NOTE: Please take time to read this slowly.  If you pay attention to the
> first two judges, the reaction of the third is even better.  For those of
> you who may have lived in Texas, you know how true this is!
>
> They actually have a chili cook-off about the time the rodeo comes to
> town.  It takes up a major portion of the parking lot at the Astrodome!
> You will likely want to read this behind closed doors because, if you are
> like me, you will be howling out loud.
>
> Notes From An Inexperienced chili tester named Frank, who was visiting
> Texas from the East Coast:
> "Recently, I was honored to be selected as a judge at a chili cook-off.

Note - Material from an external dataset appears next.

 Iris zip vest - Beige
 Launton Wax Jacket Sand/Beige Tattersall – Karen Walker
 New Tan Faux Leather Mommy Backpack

> The original person called in sick at the last moment and I happened to be
> standing there at the judge's table asking directions to the beer wagon,
> when the call came.  I was assured by the other two judges (native Texans)
> that the chili wouldn't be all that spicy, and besides, they told me I
> could have free beer during the tasting, so I accepted."
>
> Here are the scorecards from the event:
> __________________________________________________________
>
> CHILI # 1 MIKE'S MANIAC MOBSTER MONSTER CHILI
>
> JUDGE ONE:  A little too heavy on tomato.  Amusing kick.
>
> JUDGE TWO:  Nice, smooth tomato flavor.  Very mild.
>
> FRANK:  Holy shit, what the hell is this stuff?  You could remove dried
> paint from your driveway.  Took me two beers to put the flames out.  I
> hope that's the worst one.  These Texans are crazy.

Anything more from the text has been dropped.